## ASSIGNMENT:
All pictures are to be dropped, and the remaining data set down exactly.

··· SOURCE MATERIAL ···

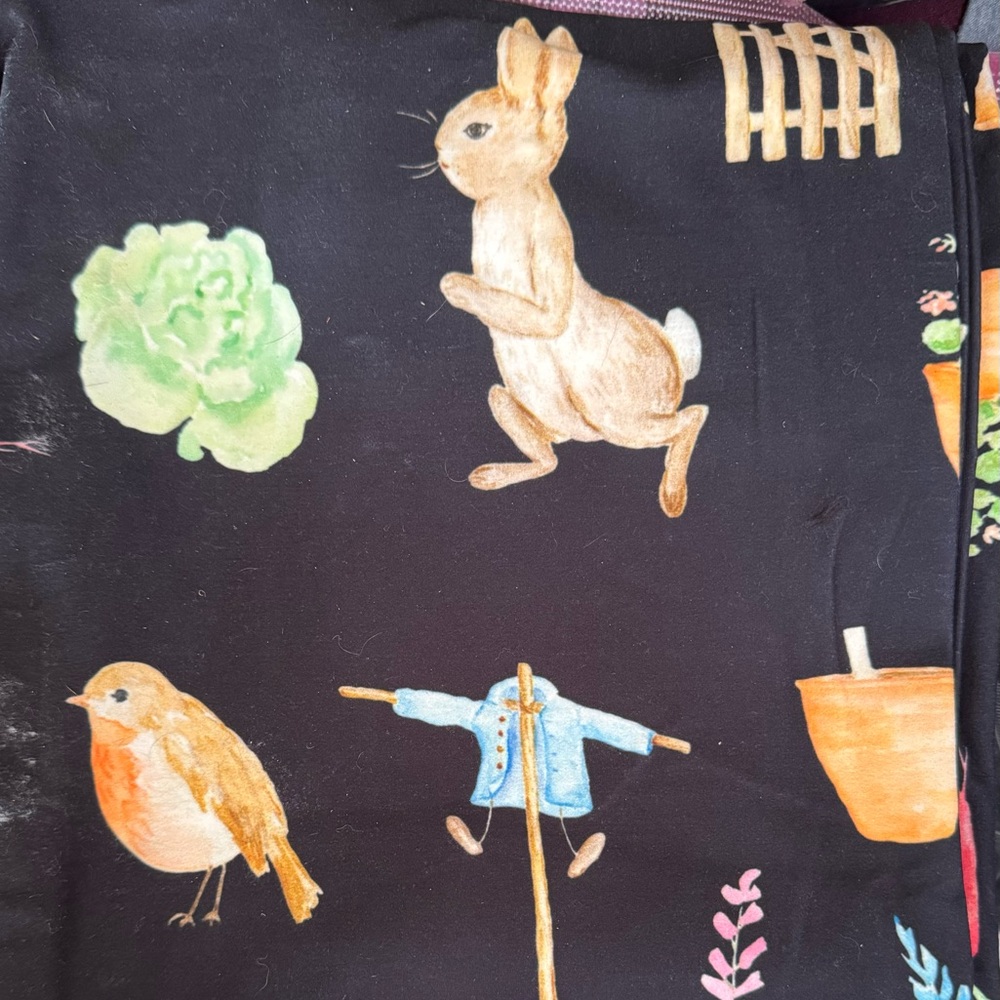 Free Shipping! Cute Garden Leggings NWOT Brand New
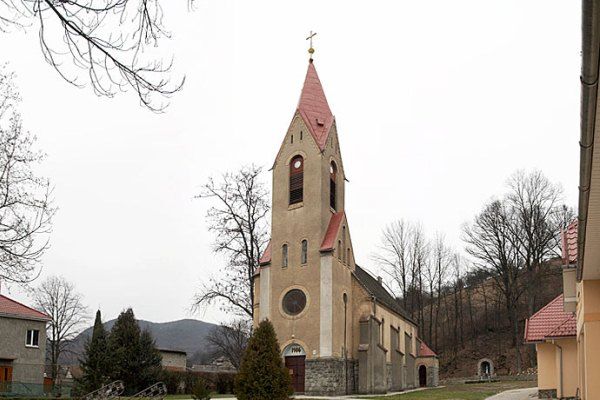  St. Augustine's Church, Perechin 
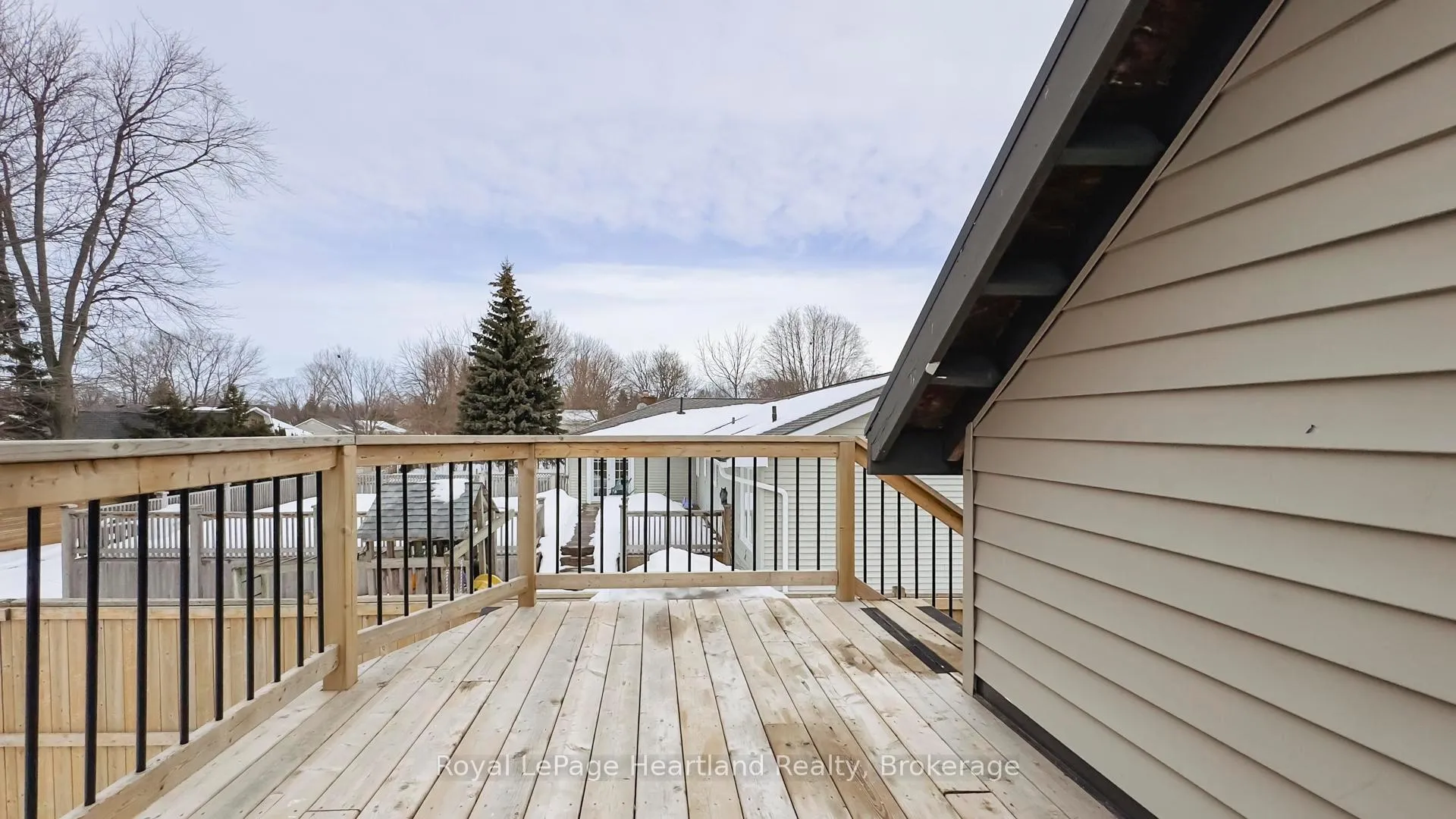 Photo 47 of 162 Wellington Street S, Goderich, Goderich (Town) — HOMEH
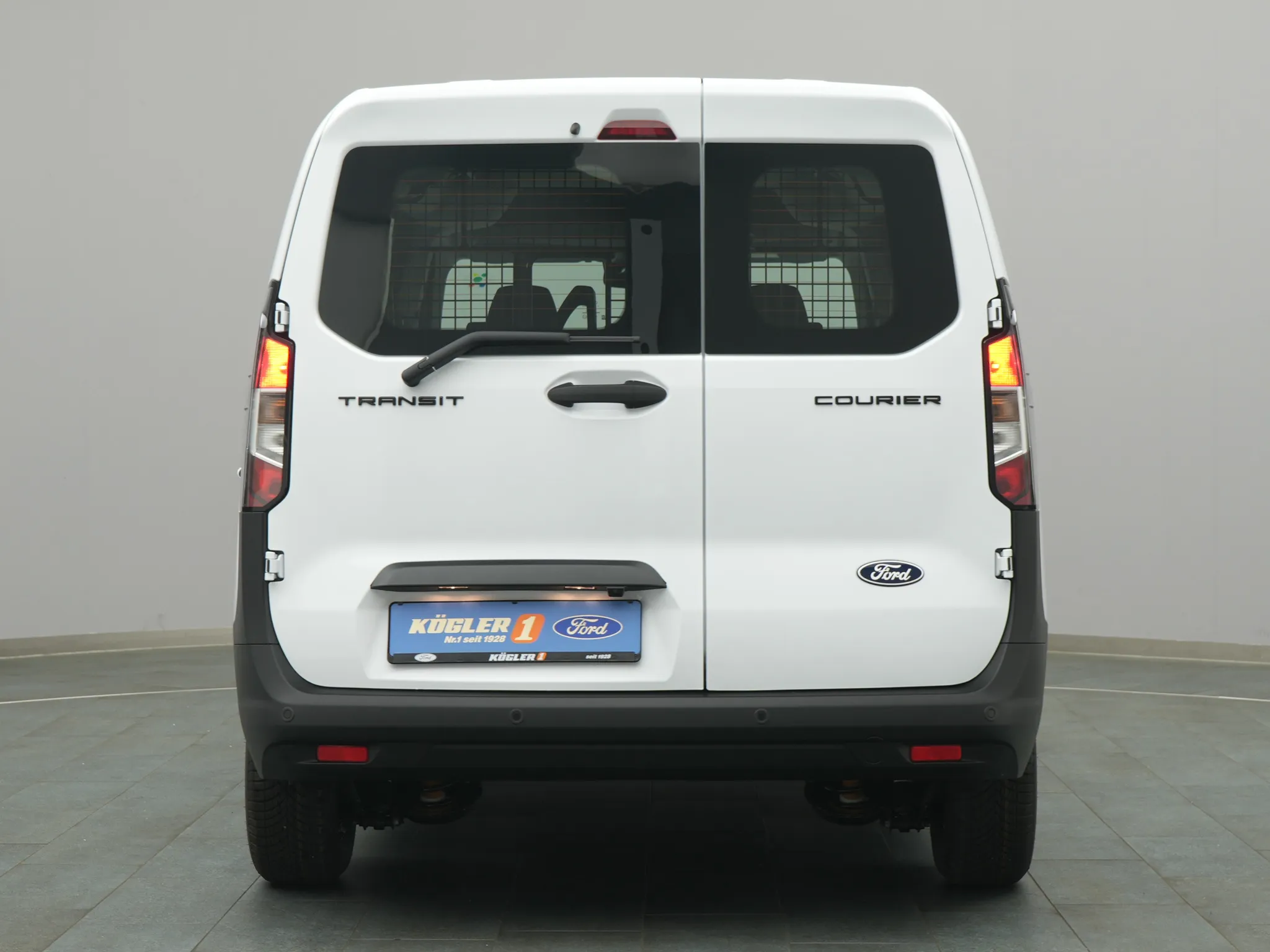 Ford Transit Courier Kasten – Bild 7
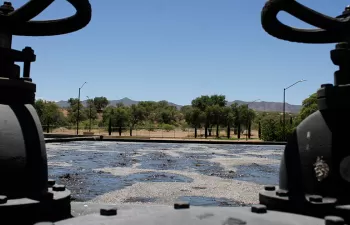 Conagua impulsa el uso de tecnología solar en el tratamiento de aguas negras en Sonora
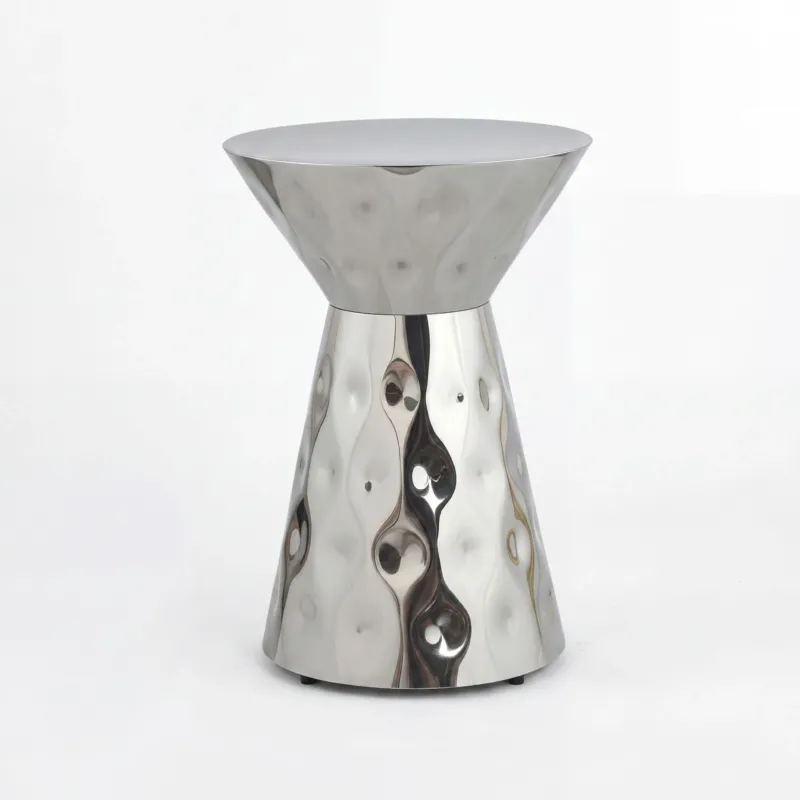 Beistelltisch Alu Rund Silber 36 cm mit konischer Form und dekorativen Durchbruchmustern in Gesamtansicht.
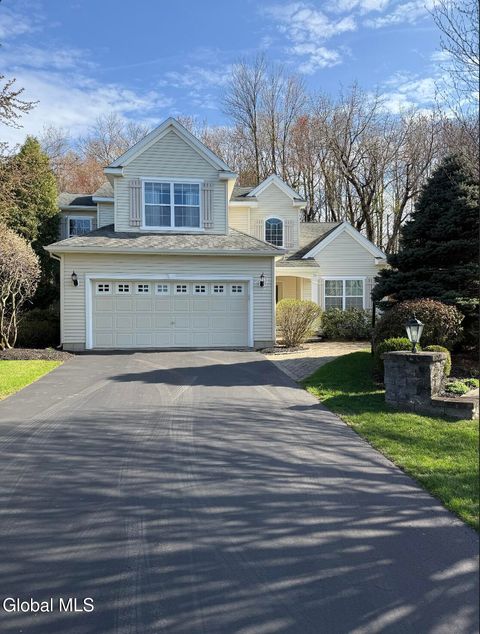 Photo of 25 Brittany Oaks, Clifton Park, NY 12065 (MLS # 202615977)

···

## ANSWER FOR THIS EXERCISE:
 Free Shipping! Cute Garden Leggings NWOT Brand New
  St. Augustine's Church, Perechin 
 Photo 47 of 162 Wellington Street S, Goderich, Goderich (Town) — HOMEH
 Ford Transit Courier Kasten – Bild 7
 Conagua impulsa el uso de tecnología solar en el tratamiento de aguas negras en Sonora
 Beistelltisch Alu Rund Silber 36 cm mit konischer Form und dekorativen Durchbruchmustern in Gesamtansicht.
 Photo of 25 Brittany Oaks, Clifton Park, NY 12065 (MLS # 202615977)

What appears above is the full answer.